Now, when skids call while we're on a date or having dinner, etc. he texts them back to say he's busy and are they ok. That is still an irritation to me, but if he doesn't do that it's impossible for him to think of anything else because he's sure they're bleeding out somewhere. It's a compromise I'm willing to make for HIM. And we go on.

This behavior is bizarre to me. But we see it time and time again here on STalk, and that's been a comfort to me. We're in a rather singular type of club that none of us really wants to be in.

Healyourslf's picture

Old patterns/behaviors are difficult to break especially if DH is not even conscious he's doing it.  Liken it to Pavlov's dogs...."ring the bell, salivate" without an iota of higher thinking.  Yes, it's normal for parents to be concerned, but again...if it was an emergency, a message would have been left.

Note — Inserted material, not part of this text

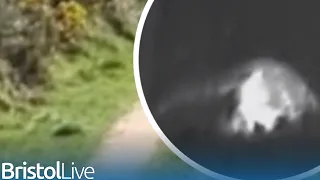 'Big cat' caught on thermal camera in West Country in 'most convincing' footage yet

My SD24 is passive-aggressive so when DH did not immediately answer the call or text, she would pull the "unavailable or silent treatment" right back at him and say something like, "oh...I didn't see your call/message."  Games meant for pubescent angst. It blows my mind that normally sane adults will regress like this.

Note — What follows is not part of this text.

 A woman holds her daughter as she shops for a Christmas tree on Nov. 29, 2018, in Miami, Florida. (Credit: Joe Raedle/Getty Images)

A while ago, as I was preparing food for DH's extended family, I cut my finger badly at the same time DH's phone rang. DH saw the blood (sharp knife), but also saw it was SD. I would say a deep laceration should evoke concern, but he HAD TO answer the call.  Back then, DH's brain would instantly change to the SD dopamine-drip frequency...all other channels would be blocked.  As I was stopping the bleeding, I pantomimed "can you cut this" (we were already running late) and he blurted back impatiently..."I'm on the phone with SD!" She was calling to "check" on the family gathering that she did not show up to.  Go figure.  That was the pinnacle moment for me. 

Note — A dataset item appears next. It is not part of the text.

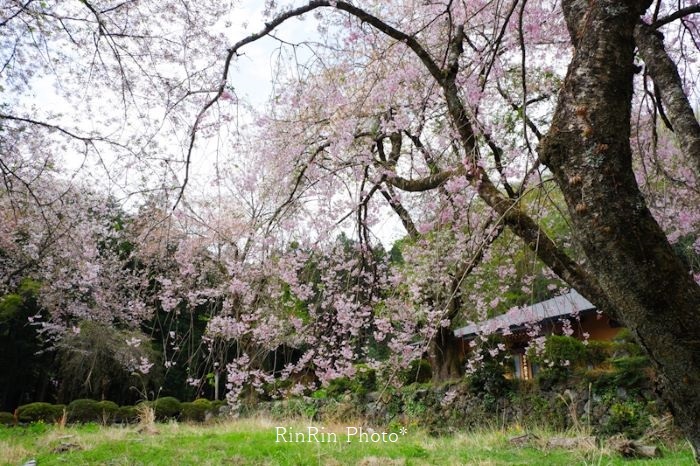 2021年４月無量寺の枝垂れ桜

I was silent about these behaviors until then hoping that SD would actually start leaving DH alone at some point. She incessantly called at the worst and most inappropriate times to maintain "control and priority position" over DH.  The more he  jumped to respond, the more she would call/text.  After the knife incident, I pointed out her obtrusive behavior every time it happened (almost daily). I'm snarky so I would comment, "maybe she's bleeding and needs help; confirm we're in the midst of hot monkey sex; are you sure you took a  s*** this morning?"  I'd rather make fun than get upset.  This got DH thinking about his behavior and SD's need to control. He figured it out. The salivating stopped. 

Starlightwest's picture

E

Starlightwest's picture

If she’s not calling here 3-4 times a day, he’s calling her. If he ever interrupted hot monkey sex for a call that would be the end of that. Next time the urge hit, I’d be like “sorry honey - you better stay available in case the phone rings!”

sandye21's picture

Fortunately, I haven't had to deal with this from SD and DH.  Mostly because he is technologically challenged so he doen't have a smart phone.  Also, I think he is being punished somewhat because he decided to stay married to me.  But I have to tell you, 3-4 times a day for mundane B.S. is too much for most people.  It would get on my nerves after the 3rd call.  If this was me, I'd make up a friend whom I called 4 times a day and see how he likes it.  I bet he wouldn't.

Starlightwest's picture

Mine uses his smartphone - to text DD and tell her to call him! Just now he was taking a nap but the phone rang (yep, her) and he pops up to answer. So ridiculous. He’s obsessed. He thinks he’s going to singlehandedly fix their miserable life and chart the new path for his grandchildren’s behavior. Sorry, honey, but unless they live with us, the second they’re back with the two village idiots they will revert back to their old behaviors. I might just try the call suggestions!